The story is of a house-master ("landowner" is our translation but it's not quite right) who goes out to the marketplace to find workers for the vineyard. He hires a group at 6 a.m. ("the first hour") and goes back to hire more at 9 a.m., noon, and 3 p.m. To the first group he promises a denarius, the "usual daily wage," and to the subsequent groups he promises "what is right." Finally he goes back at the eleventh hour (5 p.m.) and hires the last of those without work, sending them in to the vineyard for the last hour of the workday. Then he instructs the manager to pay each worker the full day's wage, starting with those hired at 5 p.m. This causes some resentment in those who worked all day; even though they were paid exactly what they expected, they do not appreciate the latecomers getting paid the same.

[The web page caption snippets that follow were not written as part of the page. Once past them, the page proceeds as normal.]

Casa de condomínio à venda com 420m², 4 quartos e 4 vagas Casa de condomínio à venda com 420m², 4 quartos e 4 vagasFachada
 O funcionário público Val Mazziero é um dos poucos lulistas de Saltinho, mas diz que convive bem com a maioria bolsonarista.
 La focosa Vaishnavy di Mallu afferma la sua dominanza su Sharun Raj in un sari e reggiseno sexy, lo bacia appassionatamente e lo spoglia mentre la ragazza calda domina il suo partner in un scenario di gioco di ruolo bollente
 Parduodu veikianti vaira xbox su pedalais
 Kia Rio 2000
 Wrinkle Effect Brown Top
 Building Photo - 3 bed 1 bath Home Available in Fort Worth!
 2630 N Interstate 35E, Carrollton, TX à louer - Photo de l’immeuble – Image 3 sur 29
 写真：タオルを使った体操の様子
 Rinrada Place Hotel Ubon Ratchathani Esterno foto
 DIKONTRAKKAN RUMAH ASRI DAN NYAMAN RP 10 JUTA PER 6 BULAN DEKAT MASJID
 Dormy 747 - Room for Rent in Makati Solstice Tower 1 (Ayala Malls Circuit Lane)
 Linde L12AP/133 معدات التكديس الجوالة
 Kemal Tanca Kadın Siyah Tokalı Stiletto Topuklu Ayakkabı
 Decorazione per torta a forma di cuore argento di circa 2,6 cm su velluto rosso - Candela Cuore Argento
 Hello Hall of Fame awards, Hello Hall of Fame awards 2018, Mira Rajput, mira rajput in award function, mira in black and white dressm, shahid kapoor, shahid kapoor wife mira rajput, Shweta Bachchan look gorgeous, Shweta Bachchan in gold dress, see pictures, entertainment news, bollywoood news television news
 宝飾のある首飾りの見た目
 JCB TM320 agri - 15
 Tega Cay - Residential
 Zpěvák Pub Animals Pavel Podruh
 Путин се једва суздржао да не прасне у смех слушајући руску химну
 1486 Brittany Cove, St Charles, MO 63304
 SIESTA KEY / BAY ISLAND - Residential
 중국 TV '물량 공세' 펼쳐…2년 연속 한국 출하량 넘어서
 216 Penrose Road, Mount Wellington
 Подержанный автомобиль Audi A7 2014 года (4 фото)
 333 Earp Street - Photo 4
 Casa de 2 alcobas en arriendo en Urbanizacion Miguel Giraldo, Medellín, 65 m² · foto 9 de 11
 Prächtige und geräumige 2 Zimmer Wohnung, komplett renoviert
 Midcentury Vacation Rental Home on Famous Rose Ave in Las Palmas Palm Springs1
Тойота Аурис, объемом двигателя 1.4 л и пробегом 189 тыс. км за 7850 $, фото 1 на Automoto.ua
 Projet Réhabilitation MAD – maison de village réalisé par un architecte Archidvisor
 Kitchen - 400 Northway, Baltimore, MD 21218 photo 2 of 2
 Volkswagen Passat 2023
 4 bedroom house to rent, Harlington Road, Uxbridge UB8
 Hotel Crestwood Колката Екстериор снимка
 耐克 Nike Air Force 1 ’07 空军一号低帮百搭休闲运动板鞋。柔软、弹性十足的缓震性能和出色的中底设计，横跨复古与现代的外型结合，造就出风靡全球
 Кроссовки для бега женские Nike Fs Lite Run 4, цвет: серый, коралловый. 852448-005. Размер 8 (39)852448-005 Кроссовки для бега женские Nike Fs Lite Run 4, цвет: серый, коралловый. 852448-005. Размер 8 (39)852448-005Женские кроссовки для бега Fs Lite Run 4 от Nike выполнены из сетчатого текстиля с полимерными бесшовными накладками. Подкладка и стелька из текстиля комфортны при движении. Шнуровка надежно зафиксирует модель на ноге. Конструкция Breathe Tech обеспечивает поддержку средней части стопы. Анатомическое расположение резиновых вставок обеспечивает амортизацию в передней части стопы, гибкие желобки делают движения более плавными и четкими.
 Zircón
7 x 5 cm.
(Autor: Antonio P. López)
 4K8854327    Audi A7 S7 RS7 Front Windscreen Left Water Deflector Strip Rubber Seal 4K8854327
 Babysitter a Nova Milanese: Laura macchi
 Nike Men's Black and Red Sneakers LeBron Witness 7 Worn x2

My perspective on this parable shifted at a synod assembly (of all places) when a pastor led a Bible study on it, retelling it from the perspective of the laborers who couldn't get hired all day and had to wait to the point of giving up before getting a last chance at work. It's easy enough to identify with those hired first, who work longest--we often feel that we are in that position. And it's easy to identify with the last hired, in an unreal way, as we sometimes feel ourselves to have received grace by the skin of our teeth. But hearing the story from the standpoint of actual day labor, where your family's ability to eat in the days ahead is dependent on being hired, made me feel differently about it. It's not actually easy to be looking for work and not finding it. And as a society, we tend to value the lives and welfare of those who are not working at a lower level than those who are (unless the people not working are living on investment income, in which case we tend not to object).
The parable confronts us with a scenario in which the house-master has chosen to honor the daily need of the workers rather than the hours they worked. No one would have objected if he'd pro-rated the wage for those hired later. It would be, in our world as in his, a kind of shrewd dealing and good stewardship to keep a lower but still technically "fair" wage for them. But the master in the story accepts both the hit to his "bottom line" and the resentment of the people he hired first in order to give a living wage to everyone.
It's worth running through this story a few times, putting ourselves in different places. How would we feel if we were the first hired? Or those hired mid-day, or at the last hour? How would we look at this scene--imagining a marketplace that always seems to have unemployed men looking for work--if we were the house-master? How would we interpret the master's command if we were the manager, handing out pay at the end of the day? The power of a parable is not that it makes a single point with a story, but that it invites us into a scene that has many possible meanings. We learn about ourselves and the assumptions we make when we hear it. And in that learning, Jesus is trying to show us something of the Kingdom of God.